> **ACTIVITY**:
Using only the entries below, output the lines starting at the one containing "新宿 秘書課女子で働くメリット9" and ending at the one containing "中国乔丹女鞋冬季新款鞋子跑步", exactly and inclusive of both, omitting the pictures.

> **INPUT RECORDS**:
......
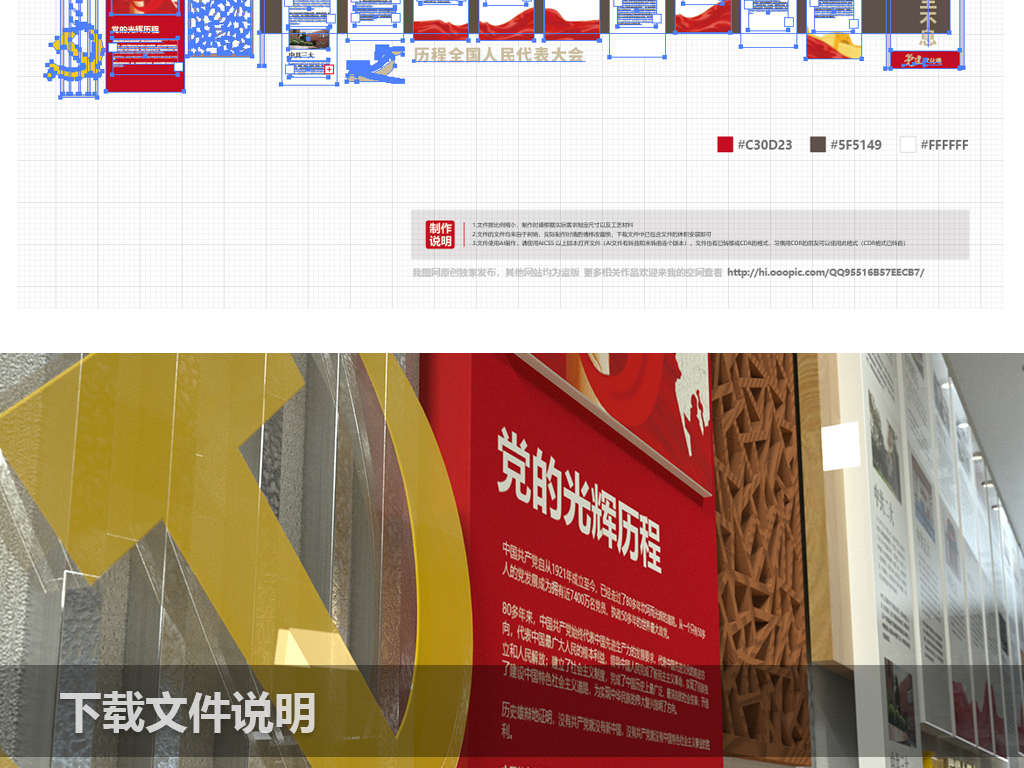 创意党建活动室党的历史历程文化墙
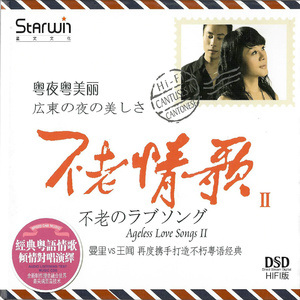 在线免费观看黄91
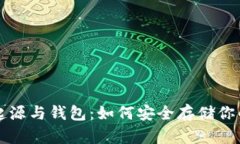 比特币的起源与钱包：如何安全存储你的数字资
......
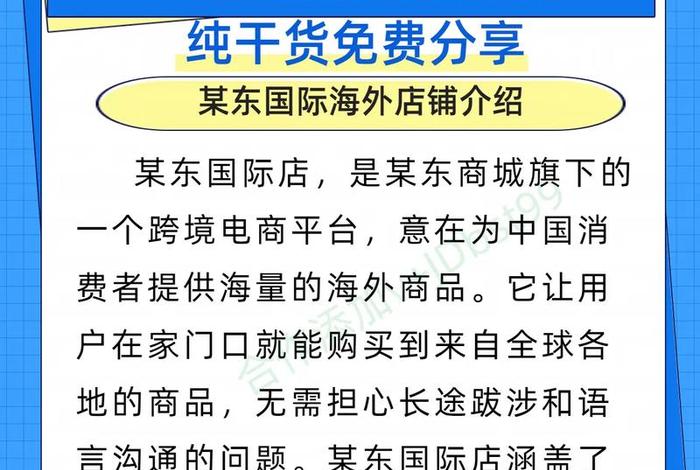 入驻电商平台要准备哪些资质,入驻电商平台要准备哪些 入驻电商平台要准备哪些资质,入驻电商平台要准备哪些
......
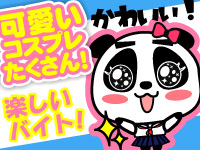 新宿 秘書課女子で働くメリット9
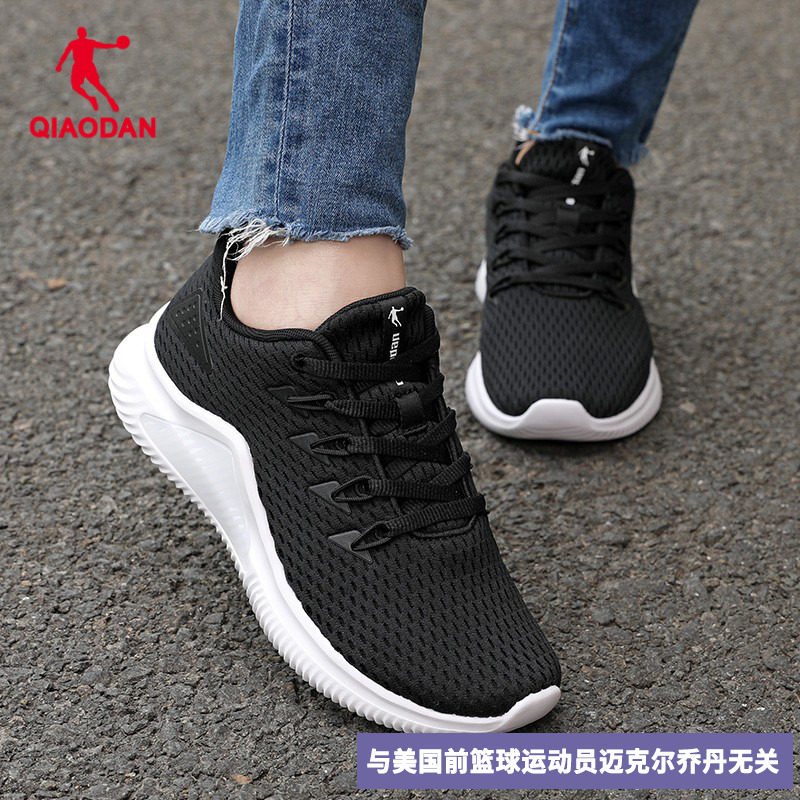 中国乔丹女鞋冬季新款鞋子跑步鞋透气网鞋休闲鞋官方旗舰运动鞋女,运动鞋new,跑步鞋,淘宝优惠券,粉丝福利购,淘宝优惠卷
......
> **SOLUTION TO THIS EXERCISE**:
 新宿 秘書課女子で働くメリット9
 中国乔丹女鞋冬季新款鞋子跑步鞋透气网鞋休闲鞋官方旗舰运动鞋女,运动鞋new,跑步鞋,淘宝优惠券,粉丝福利购,淘宝优惠卷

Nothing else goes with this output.